I gave them the wallets back.

‘Lewis Lowey here?’ Shea said.

‘Yes.’

‘Like a word with you first, then him. Somewhere we can sit down?’

‘What kind of word? We’ve given statements.’

Shea held up a big hand. ‘Informal. Get some background.’

I put my head back in the door. ‘Police,’ I said. ‘Don’t go anywhere, Lew.’

I took them over to the shed that served as the business’s office. It held a table, three kitchen chairs, and a filing cabinet bought at a clearing sale. I sat down behind the table. Cotter spun a chair around and sat down like a cowboy.

Shea perched on the filing cabinet behind Cotter. He looked around the room, distaste on his face, sniffing the musty air like someone who suspects a gas leak. ‘So you been here, what, five years?’ he said.

‘Something like that,’ I said.

‘And you know this bloke?’

‘A long time.’

‘First on the scene.’

‘Second.’

‘You and the kid. First and second.’

I didn’t say anything. Silence for a while. Shea coughed, a dry little cough.

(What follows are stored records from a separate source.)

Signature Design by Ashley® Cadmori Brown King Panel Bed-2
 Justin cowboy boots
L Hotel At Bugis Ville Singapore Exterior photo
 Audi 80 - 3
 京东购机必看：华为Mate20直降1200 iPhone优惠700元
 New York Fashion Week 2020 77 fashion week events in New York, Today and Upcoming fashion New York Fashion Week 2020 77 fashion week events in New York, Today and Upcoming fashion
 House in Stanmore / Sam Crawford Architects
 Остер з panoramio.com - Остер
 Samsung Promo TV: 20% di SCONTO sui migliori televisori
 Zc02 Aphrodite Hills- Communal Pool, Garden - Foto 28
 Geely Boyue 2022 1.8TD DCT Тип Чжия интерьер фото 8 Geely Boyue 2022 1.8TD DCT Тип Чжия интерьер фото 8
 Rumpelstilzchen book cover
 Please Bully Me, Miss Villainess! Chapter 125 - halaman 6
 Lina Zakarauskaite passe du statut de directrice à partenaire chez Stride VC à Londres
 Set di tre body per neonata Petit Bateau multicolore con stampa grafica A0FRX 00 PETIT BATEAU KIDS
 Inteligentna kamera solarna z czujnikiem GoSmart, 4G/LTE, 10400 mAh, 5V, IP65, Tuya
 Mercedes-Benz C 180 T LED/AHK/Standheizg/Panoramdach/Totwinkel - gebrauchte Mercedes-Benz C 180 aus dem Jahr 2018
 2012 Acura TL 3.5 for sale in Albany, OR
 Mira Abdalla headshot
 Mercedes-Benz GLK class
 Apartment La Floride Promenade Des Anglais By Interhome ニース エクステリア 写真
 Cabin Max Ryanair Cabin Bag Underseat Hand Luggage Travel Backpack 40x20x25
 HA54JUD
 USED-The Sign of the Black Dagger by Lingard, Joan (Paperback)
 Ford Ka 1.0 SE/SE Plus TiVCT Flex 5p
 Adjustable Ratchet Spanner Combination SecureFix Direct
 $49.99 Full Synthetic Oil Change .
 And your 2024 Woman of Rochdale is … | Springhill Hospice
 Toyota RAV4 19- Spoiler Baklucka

‘You, ah, friendly with the kid?’ This from the offsider, Cotter. He was staring at me, black eyes gleaming like sucked grapes. His ears were pierced, but he wasn’t wearing an earring. He smiled and winked.

I said to Shea, ‘Detective Constable Cotter just winked at me. What does that mean?’

‘I’ll do this, Detective Cotter,’ Shea said. ‘So Lewis rang you at…?’

‘Two forty-five. It’s in the statement.’

‘Yeah. He says you got there about two fifty-five. Looking at his watch all the time.’

‘About right.’

‘Clarify this for me,’ Shea said. ‘It’s twenty kilometres from here. You get dressed and drive it in ten minutes. Give or take a minute.’

‘It’s fifteen the short way,’ I said. ‘I didn’t get dressed. I was dressed. I fell asleep dressed. And I didn’t obey the speed limit.’

Shea rubbed the corner of his right eye with a finger like a hairy ginger banana. ‘Old bloke worth a bit?’

‘Look like it?’

‘Can’t tell sometimes. Keep it under the mattress. That his property?’

I nodded.

‘Who stands to benefit then?’

‘There’s just Lew, his grandson.’

‘Then there’s you.’

‘I’m not family.’

‘How come you inherit?’

I said, ‘I’m not with you.’

‘We found his will,’ Shea said. ‘You get a share.’

I shrugged. This was news to me. ‘I don’t know about that.’

Cotter said, ‘Got any gumboots?’ Pause. ‘Mr Faraday.’

I looked at him. ‘Dogs got bums? Try the back porch.’

Cotter got up and left.

‘We’ll have to take them away,’ Shea said.